Kia Sportage models from older generations may leave an impression of a cheap utilitarian vehicle, but the new-for-2023 fifth generation made marked improvements to be among the standouts in the small SUV class.
The latest Kia Sportage carries a stylish form, a high-quality interior, and roomy seating – hallmarks of a great first car.
Plus, new drivers will delight at the SUV’s massive cargo capacity of nearly 40 cubic feet with the rear seatbacks up or over 74 cubic feet when folded.
First-car shoppers considering a new Kia Sportage will also get to choose from a range of gas-only, hybrid, or plug-in hybrid powertrains.
#7 Honda Civic Hatchback
While the regular Civic sedan makes an excellent first car, the hatchback version offers broader utility with increased cargo-carrying ability.
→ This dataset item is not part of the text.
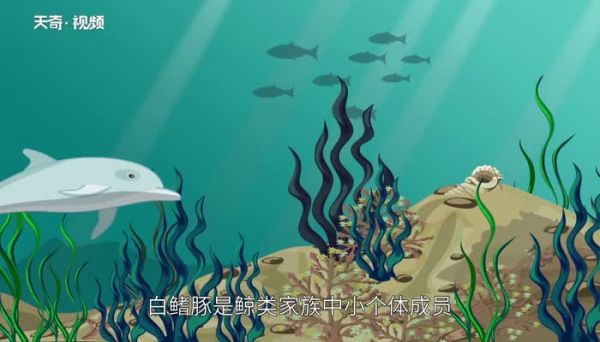 珍稀动物有哪些 珍稀动物大盘点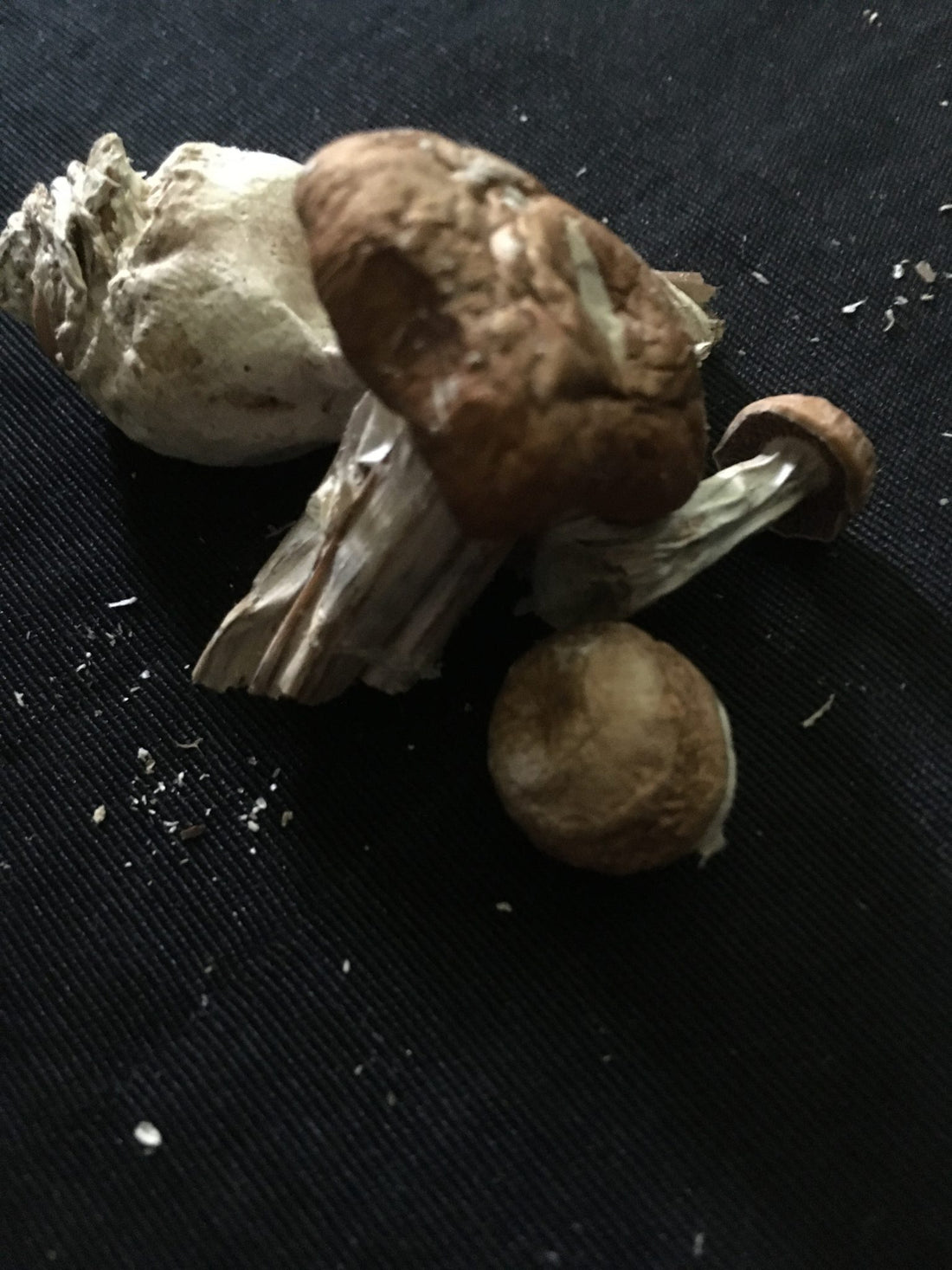 Top 4 Reasons Why Legalized Mushrooms Could Boom in 2020 like Cannabis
The hatchback inherits the famous nameplate’s sharp handling, excellent fuel economy, and rock-solid reliability.
Beginner drivers will appreciate the car’s stability around corners and smooth power delivery as the Honda Civic is an easy car to drive with a confidence-inspiring grip.
With the rear seats in place, the Civic hatchback offers nearly 25 cubic feet of storage, approximately 10 cubic feet more than the Civic sedan – both costs about the same.
Still, either Civic body type is an excellent fun first car.
Young drivers after an affordable yet versatile option should check the best hatchbacks as a first car list.
#8 Toyota Corolla
The long-running Toyota Corolla is arguably the best sedan first car any teen could buy.
It’s easy to drive, thrifty on fuel, rides comfortably, and has a reliability record that’s second to none, with double-digit generations of production to support the claim.
Besides, the Corolla’s relatively compact dimensions, good forward visibility, and easy-to-use interior layout make it a beginner-friendly vehicle.
The regular Corolla sedan is so successful it now has a hatchback, a hybrid, and an SUV in the form of the Corolla Cross, so first-time car buyers are spoiled for choice.
#9 Hyundai Sonata
A Honda Accord or Toyota Camry may spring to mind when singling out the ideal model in the midsize sedan class.
Still, teenagers and new drivers will be hard-pressed to find a greater bang-for-the-buck purchase than the excellent value-for-money Hyundai Sonata – it’s one of the cheapest midsize sedans.
For taller or larger teens needing slightly more space to stretch than a compact option, Sonata’s appreciably roomy interior matching larger vehicles will appeal.
Besides, its large trunk opening and sizable cargo area mean a college student will have plenty of space for moving items or the occasional road trip.
Like most models from this Korean carmaker, the Sonata is feature-rich and comes with generous warranty coverage.
#10 Chevrolet Bolt EV
As the industry transition into alternative energy sources to power everyday vehicles, it is as good a time for new drivers to consider an electric first car, not least because it eliminates trips to the gas station.
While most new EVs surpass the $30k price tag, the Chevy Bolt is one of the few that sells for less, its $26k starting price rivaling many gasoline-only and hybrid first-car options in this post.
The Bolt EV is decidedly big on value, offering a roomy cabin, many standard tech and convenience features, and over 250 miles of electric range, which is above average for its class and price.
Although a compact EV, the Bolt’s doors open wide, and once inside, the generous head and legroom mean taller drivers will not struggle to get comfortable.
It accelerates as rapidly as the steering is responsive, giving it a nimbleness that’s handy around town.